Weiter ging es nach Schwiederstorf, vorbei an Feldern und Weiden bis zum Wildgehege. "Vor dem Kirchenholz" heißt der schmale unbefestigte Weg, an dem linker Hand unser Wald liegt. Eingerahmt wird er von einem Wall. "Damit hat man früher den Holzdiebstahl verhindert" erzählt Bernd Westphalen. "Für voll beladenene  Pferdefuhrwerke war der Wall nicht zu überwinden".

Viel zu entdecken gab es im Schwiederstorfer Wald. Uns fiel auf, dass alle 20 bis 30 m zahlreiche Bäume rot markiert sind. "Hier entstehen Rückegassen für die Holzernte und andere Arbeiten im Wald" erklärt Bernd Westphalen. "Sie gewährleisten, dass Bodenschäden gering gehalten werden, da das Befahren außerhalb dieser Schneisen verboten ist".

Wir erfahren, dass es "dienende Bäume" gibt. Sie stehen neben den gerade gewachsenen Exemplaren, die später einmal verwertet werden sollen, sind oft schief und krumm und werden trotzdem nicht gefällt. Durch Beschattung des Hauptstamms sorgen sie dafür, dass sich keine unerwünschten Seitenäste bilden.

 

"Als ich hier vor 30 Jahren meinen Dienst aufnahm, gab es in dieser Gegend fast nur Monokulturen mit Fichten" berichtet Bernd Westphalen. Das hat sich gravierend geändert. Durch Pflanzungen und natürliche Aussaat wird auch unser Wald allmählich zu einem gesunden Mischwald. Bedingt durch Boden- und Lichtverhältnisse wachsen in Bachheide und Schwiederstorf bevorzugt Buchen, Douglasien, Lärchen, Weißtannen, Bergahorn und vereinzelt Eichen. Der noch vorhandene Fichtenbestand wird nach und nach der Verwertung zugeführt und dadurch reduziert.

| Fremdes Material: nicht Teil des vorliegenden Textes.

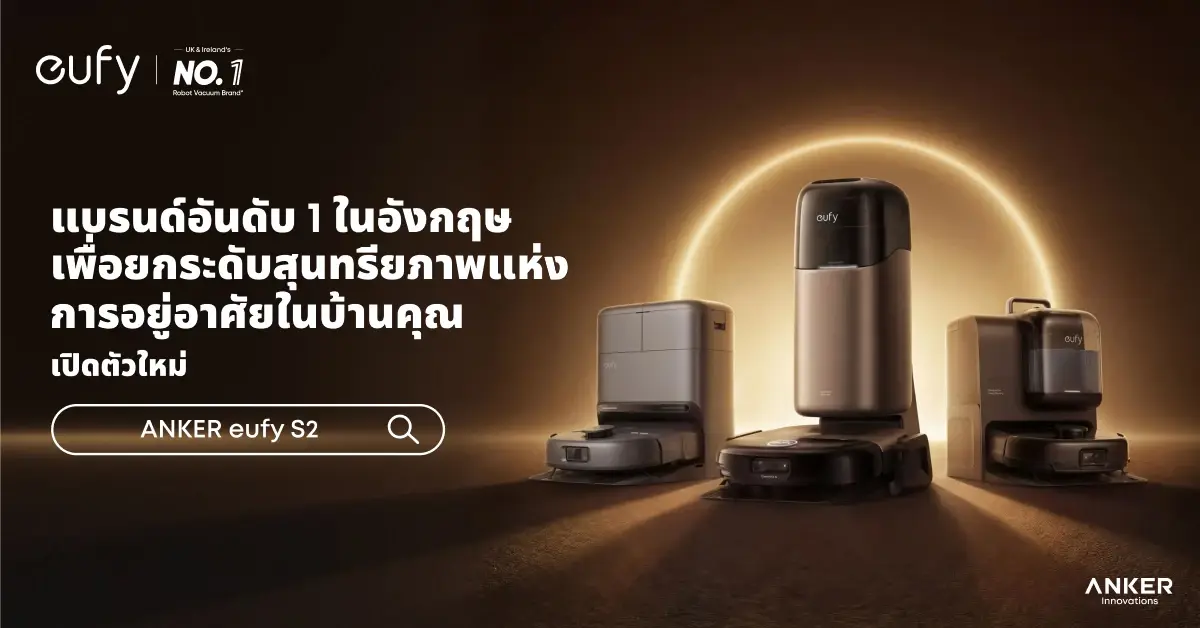 ขวัญใจทาสหมาแมว! 'ANKER' เปิดตัวหุ่นยนต์ดูดฝุ่นสาย Pet Friendly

Unser Waldspaziergang führte uns zu einem Areal mit vielen erntereifen Fichten, Kiefern und Douglasien. Durch den mangelnden Lichteinfall gibt  es hier kaum junge Bäume. Darum sollen in der nächsten Zeit einige Bäume gefällt und verkauft werden. "Mit Unterstützung des Kirchenkreisamtes werden wir aus dem Erlös junge Buchen anpflanzen" freut sich Kirchenvorsteher Dieter Pintatis.